ABS CBN’s Noli de Castro interviewed yesterday some Tacloban city residents who complained that corpses were still floating in the sea, while others remain uncollected in various parts of the city. It’s now two weeks since super typhoon Yolanda and all corpses have not been collected? Why oh why? This fact is certainly unconscionable and deplorable! Why hasn’t the national government coordinated well with the Tacloban city government to collect all corpses until now? Why didn’t the government see fit to mobilize as many soldiers, PNP personnel and other volunteers as possible from Negros and nearby provinces to travel by boats or ferries to Tacloban and other Yolanda-ravaged areas to speed up collection of corpses, clear debris and help survivors? Asking local governments in provinces close to Yolanda-affected areas for help is the quickest and easiest way of getting warm bodies on the ground to help typhoon survivors and retrieve corpses. Why fly soldiers and volunteers from Manila when nearby provinces are a quicker and better option?
3. Almendras denied not knowing anything about political differences between Interior and Local Government Secretary Mar Roxas and Tacloban city mayor Alfred Romualdez which are apparently a major culprit for the painfully slow distribution of relief goods within the city. This is bull! He’s one of Aquino’s closest confidantes and he should have been among the first to know. He should have helped persuade Aquino to resolve the political impasse for the benefit of crisis-struck Taclobanos. It was only on Nov. 17 when Aquino brought Roxas and Romualdez face to face to try and end the deadlock. The dispute reportedly continues to Taclobanos’ misfortune.

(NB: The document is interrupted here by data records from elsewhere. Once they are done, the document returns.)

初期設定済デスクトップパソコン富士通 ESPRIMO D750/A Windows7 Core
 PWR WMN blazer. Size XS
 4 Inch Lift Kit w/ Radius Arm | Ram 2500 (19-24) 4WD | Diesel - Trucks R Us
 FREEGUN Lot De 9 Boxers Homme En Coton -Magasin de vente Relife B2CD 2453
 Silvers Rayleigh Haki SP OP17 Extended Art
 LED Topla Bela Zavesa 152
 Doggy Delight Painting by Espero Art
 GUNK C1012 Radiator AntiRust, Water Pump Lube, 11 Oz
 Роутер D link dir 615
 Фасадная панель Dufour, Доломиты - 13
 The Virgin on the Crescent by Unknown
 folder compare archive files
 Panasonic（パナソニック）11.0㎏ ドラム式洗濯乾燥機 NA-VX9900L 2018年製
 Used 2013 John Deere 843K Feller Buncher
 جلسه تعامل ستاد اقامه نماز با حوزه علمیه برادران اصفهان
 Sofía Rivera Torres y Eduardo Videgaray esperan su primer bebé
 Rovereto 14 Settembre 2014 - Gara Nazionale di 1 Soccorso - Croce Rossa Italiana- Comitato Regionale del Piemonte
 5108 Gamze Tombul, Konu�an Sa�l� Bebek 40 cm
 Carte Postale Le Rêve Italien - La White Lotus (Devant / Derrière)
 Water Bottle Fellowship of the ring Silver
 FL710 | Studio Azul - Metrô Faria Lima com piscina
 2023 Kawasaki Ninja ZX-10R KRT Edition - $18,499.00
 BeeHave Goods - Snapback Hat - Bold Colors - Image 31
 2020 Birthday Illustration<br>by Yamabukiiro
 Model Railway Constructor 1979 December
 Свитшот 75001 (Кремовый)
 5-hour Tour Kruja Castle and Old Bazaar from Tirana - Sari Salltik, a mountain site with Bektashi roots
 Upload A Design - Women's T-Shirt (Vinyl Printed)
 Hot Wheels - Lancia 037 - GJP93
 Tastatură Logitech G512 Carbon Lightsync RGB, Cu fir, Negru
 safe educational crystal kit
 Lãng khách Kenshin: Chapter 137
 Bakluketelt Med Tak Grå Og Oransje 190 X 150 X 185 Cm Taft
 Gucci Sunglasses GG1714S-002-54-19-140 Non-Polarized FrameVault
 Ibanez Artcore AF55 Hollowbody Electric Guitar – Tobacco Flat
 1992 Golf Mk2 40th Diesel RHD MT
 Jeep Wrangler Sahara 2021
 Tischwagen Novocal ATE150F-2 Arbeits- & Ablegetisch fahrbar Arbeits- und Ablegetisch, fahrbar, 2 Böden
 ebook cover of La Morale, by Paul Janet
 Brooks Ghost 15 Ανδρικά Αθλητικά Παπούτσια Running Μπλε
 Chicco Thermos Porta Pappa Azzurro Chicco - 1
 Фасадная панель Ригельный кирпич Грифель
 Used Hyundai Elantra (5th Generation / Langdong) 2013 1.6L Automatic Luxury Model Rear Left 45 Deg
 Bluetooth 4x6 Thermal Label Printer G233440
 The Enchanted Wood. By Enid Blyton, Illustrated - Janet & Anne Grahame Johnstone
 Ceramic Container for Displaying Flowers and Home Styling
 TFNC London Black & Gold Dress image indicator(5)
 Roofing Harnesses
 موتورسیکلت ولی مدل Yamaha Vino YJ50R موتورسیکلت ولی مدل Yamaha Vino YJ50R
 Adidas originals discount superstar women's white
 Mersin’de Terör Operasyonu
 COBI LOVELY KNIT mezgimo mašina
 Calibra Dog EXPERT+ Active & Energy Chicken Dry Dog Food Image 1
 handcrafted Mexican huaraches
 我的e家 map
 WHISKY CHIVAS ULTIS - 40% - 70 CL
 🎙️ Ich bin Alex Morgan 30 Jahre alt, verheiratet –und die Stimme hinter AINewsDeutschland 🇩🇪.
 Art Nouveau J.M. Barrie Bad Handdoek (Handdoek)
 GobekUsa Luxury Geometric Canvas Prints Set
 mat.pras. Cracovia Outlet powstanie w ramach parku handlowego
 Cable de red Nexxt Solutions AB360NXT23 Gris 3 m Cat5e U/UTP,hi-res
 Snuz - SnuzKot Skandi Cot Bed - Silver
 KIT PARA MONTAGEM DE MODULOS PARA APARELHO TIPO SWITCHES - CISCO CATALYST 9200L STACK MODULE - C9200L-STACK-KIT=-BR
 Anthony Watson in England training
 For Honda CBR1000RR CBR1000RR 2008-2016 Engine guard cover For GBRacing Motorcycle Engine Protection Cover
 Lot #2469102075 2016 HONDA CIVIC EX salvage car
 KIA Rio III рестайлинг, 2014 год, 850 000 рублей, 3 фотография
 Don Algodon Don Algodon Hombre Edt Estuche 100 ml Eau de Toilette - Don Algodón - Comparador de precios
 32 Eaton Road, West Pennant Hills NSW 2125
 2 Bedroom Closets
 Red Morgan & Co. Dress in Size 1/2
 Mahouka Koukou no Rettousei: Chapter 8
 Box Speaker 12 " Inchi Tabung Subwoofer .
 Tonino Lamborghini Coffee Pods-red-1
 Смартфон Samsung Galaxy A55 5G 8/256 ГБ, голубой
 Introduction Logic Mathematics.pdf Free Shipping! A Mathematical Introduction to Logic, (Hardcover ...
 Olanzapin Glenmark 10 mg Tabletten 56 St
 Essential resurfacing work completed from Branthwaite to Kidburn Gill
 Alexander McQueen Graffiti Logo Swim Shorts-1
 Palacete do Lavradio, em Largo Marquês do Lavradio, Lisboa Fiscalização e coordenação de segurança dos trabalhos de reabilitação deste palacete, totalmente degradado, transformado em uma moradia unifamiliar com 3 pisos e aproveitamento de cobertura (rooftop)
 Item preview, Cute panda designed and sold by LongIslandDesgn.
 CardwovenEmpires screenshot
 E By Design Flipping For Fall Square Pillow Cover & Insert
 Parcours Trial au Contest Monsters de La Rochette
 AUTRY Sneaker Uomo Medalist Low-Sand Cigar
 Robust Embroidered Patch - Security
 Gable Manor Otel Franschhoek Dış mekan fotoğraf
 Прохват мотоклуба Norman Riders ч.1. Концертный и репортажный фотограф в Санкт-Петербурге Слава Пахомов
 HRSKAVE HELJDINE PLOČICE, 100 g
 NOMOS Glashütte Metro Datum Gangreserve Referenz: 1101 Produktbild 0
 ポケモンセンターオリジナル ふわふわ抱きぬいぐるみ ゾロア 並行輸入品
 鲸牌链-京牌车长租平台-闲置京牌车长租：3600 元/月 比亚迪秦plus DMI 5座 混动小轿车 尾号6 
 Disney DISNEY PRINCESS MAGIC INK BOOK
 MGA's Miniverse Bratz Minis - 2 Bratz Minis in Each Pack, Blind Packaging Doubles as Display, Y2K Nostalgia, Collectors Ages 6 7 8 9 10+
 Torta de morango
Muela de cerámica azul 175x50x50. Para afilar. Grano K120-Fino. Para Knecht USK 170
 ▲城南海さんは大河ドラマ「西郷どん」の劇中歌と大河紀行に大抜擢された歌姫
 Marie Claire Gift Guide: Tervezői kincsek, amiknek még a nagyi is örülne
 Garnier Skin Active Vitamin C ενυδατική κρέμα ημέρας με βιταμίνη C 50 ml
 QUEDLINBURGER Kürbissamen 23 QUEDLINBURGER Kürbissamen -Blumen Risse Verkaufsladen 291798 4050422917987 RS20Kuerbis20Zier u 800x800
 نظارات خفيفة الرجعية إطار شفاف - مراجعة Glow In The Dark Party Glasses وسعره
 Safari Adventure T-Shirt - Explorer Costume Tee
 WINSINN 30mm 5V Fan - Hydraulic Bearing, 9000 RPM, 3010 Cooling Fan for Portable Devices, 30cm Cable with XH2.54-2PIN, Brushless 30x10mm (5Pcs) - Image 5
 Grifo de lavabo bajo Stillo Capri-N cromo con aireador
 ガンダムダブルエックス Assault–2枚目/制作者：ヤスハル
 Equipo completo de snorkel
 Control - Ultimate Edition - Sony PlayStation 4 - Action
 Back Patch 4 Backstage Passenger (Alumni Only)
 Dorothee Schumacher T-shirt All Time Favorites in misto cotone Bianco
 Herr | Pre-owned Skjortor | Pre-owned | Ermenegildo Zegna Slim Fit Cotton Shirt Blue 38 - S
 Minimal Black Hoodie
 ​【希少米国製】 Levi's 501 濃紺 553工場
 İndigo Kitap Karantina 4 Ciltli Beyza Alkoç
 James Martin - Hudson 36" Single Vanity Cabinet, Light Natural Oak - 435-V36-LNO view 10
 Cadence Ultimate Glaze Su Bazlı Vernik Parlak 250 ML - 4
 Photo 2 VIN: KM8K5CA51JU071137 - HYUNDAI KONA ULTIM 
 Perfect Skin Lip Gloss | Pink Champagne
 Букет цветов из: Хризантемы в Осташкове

4. Almendras said the government’s conditional cash transfer (CCT) program is successful and it is in fact helping scores of recipients put up businesses, like production of cacao and coffee, and become self-reliant. The government will therefore use its CCT program to help Yolanda victims become self reliant with steady income sources. A big bull! The CCT was set up to ease poverty, not set up livelihood projects. If CCT recipient families get only 500 to 1,000 pesos a month, how on earth can they save enough to put up even tiny livelihood projects? And how can very poor CCT recipients go into coffee or cacao production if they don’t have any large tract of agri land? This is crazy! A grower needs at least half a hectare to make money from cacao or coffee production. Anyone with a large piece of agri land definitely won’t qualify to CCT doleout. Thus, Almendras’ talk about CCT recipients being engaged in coffee or cacao production is a big insult to the intelligence of those who attended yesterday’s meeting with him!